We need to avert this if we possibly can, but we need to get greater equality among the size of constituencies. We can start by revising this Bill so that the goal of numerical parity, which is important and which we support, is balanced with the real-life needs of local communities. That is the purpose of our amendment. It would provide the Boundary Commission with the practical leeway that it needs to balance the different factors which influence the design of constituencies, while still ensuring the creation of more equal-sized seats. Our amendment states:
“No constituency shall have an electorate more than 5% above or below the electoral quota for that part of the United Kingdom unless the Boundary Commission concerned believes there to be overriding reasons under the terms of these rules why it should”.
That would enable the commissions to have a meaningful ability to take account of the geographical and other factors which regularly have a bearing on their calculations at the moment. It will allow the Boundary Commissions to exercise their judgment in a field in which they, after all, are expert. However, to ensure that there is an absolute limit on levels of disparity between different seats, the amendment also states:
“No constituency shall have an electorate more than 10% above or below the electoral quota for that part of the United Kingdom”.
Democratic Audit has calculated that a 10 per cent outside limit would be just enough to prevent the division of wards in almost every case and enough to enable the Boundary Commissions to work within county boundaries, with maybe two exceptions.
Our fundamental argument is simple. We believe that although the majority of seats would and indeed should be within 5 per cent of an electoral quota, there are more instances than are allowed for in the Bill where the Boundary Commission should be allowed to exercise a degree of discretion of up to 10 per cent from the quota.
No, it is not impossible to answer. The estimate that I gave of the number of existing seats that were numerically outside it is, if I can find it, something like 203. I think that the number that would be outside it would be less than half of that. I shall come back to that when I find the figure, which I agree is important.
The Democratic Audit study of the 10 per cent model, found,
“no significant differences between 5 per cent and 10 per cent equalisation as regards their partisan effect. The differences are in the ability of 10 per cent equalisation to better accommodate natural communities and administrative boundaries”.
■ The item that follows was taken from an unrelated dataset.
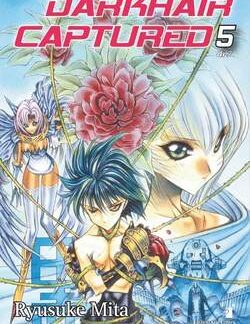 DARKHAIR CAPTURED 5 - Action 167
Our amendment is a practical, fair and common-sense proposal. It is rooted in the understanding that the electors of Britain are not just numbers on a map, but people who live in communities with distinct historical, cultural and political identities. Those identities should be factored into the construction of constituency boundaries, but in a way that ensures much greater numerical equality than at present.
I hope that the Government will think very carefully about our proposals and, in particular, will have regard to the fact that the 10 per cent margin, as opposed to 5 per cent, will allow for more community issues to be taken into account without a significant reduction in respect of the equalisation effects.
The second part the amendment of the noble and learned Lord, which is very interesting and I hope will be examined carefully by your Lordships’ House, is dependent on an electoral quota for that part of the United Kingdom. I may have missed something in either what he said or where the amendments come, but I have not found different electoral quotas for different parts of the United Kingdom. Would those quotas vary dramatically in Wales, Scotland, England and Northern Ireland? If so, that would undermine the presentation he has given us, which otherwise is very helpful.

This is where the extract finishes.